*** Begin section ***

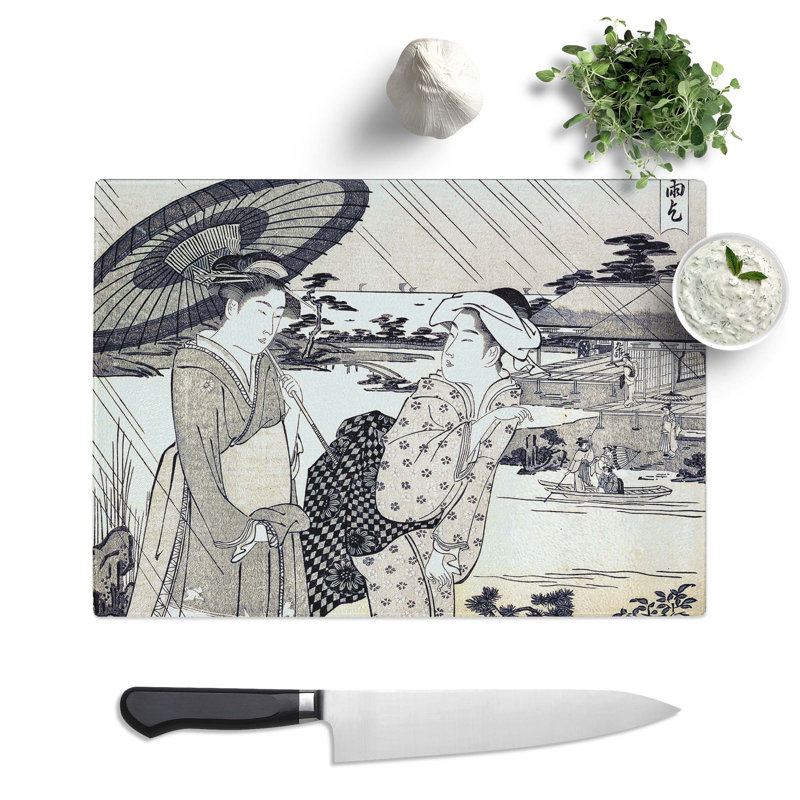 Tempered Glass Praying for Rain by Chobunsai Eishi Chopping Board, 39 cm x 28.5 cm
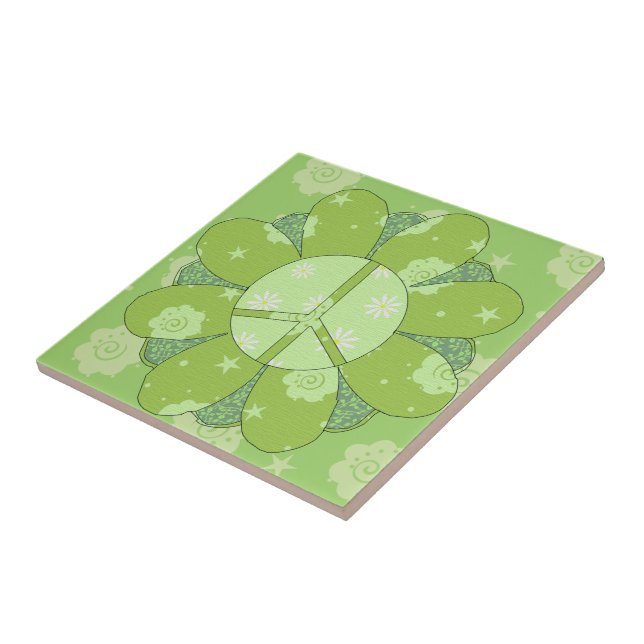 Green Flower Peace Sign Ceramic Tile (Side)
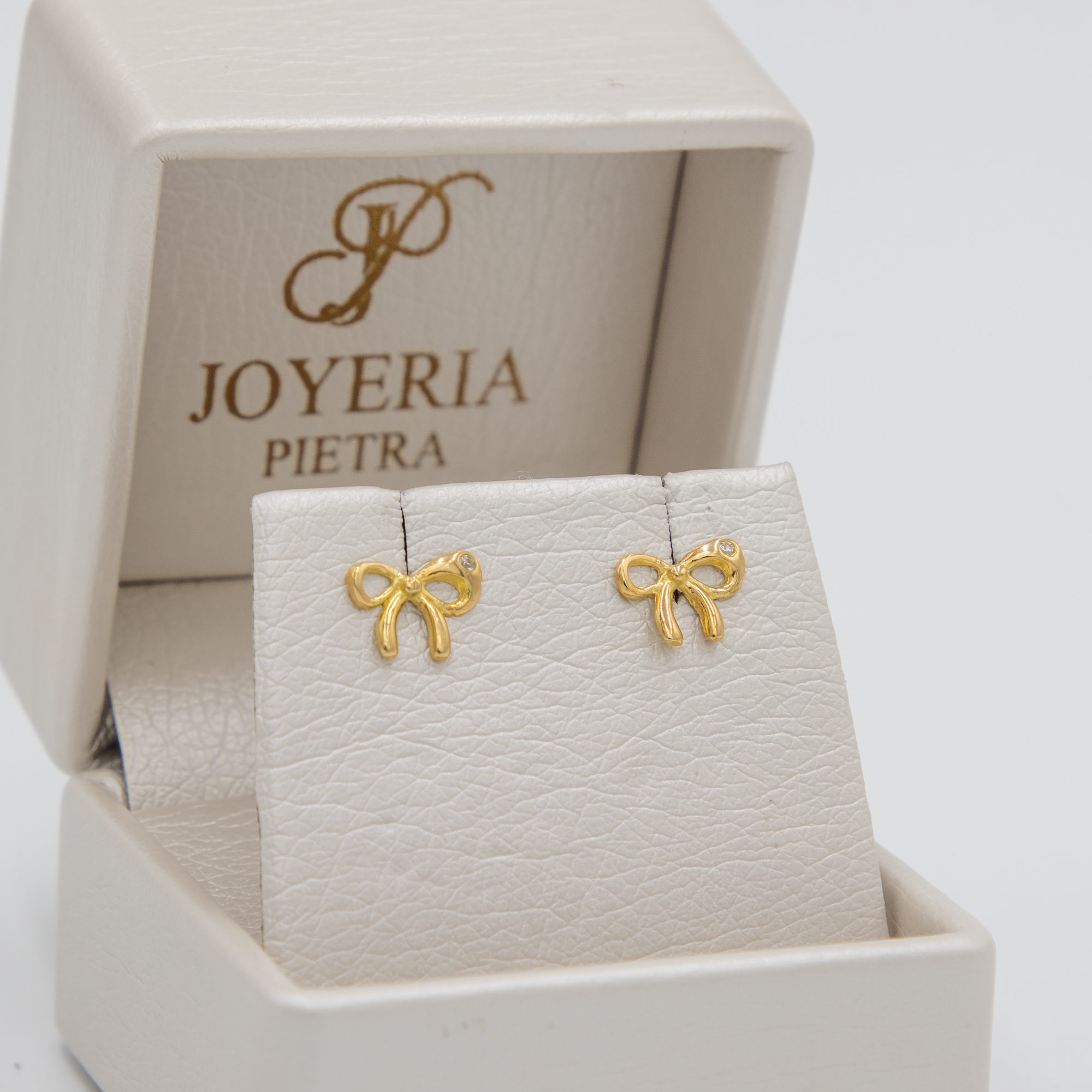 Topos Moño Coquette Grandes - Circón Blanco - Oro Amarillo 18k - 0,97 g
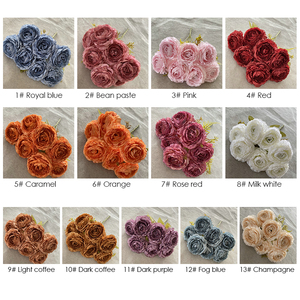Ramos de peonías de 7 cabezas, flor falsa, 10cm de diámetro, novedad de <span class=keywords><strong>2022</strong></span> - Product Image 6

*** End section ***

Whatever lies between the first line of the data and the line holding "Topos Moño Coquette", inclusive, should be repeated exactly, apart from the pictures.

Completed task:
 Tempered Glass Praying for Rain by Chobunsai Eishi Chopping Board, 39 cm x 28.5 cm
 Green Flower Peace Sign Ceramic Tile (Side)
 Topos Moño Coquette Grandes - Circón Blanco - Oro Amarillo 18k - 0,97 g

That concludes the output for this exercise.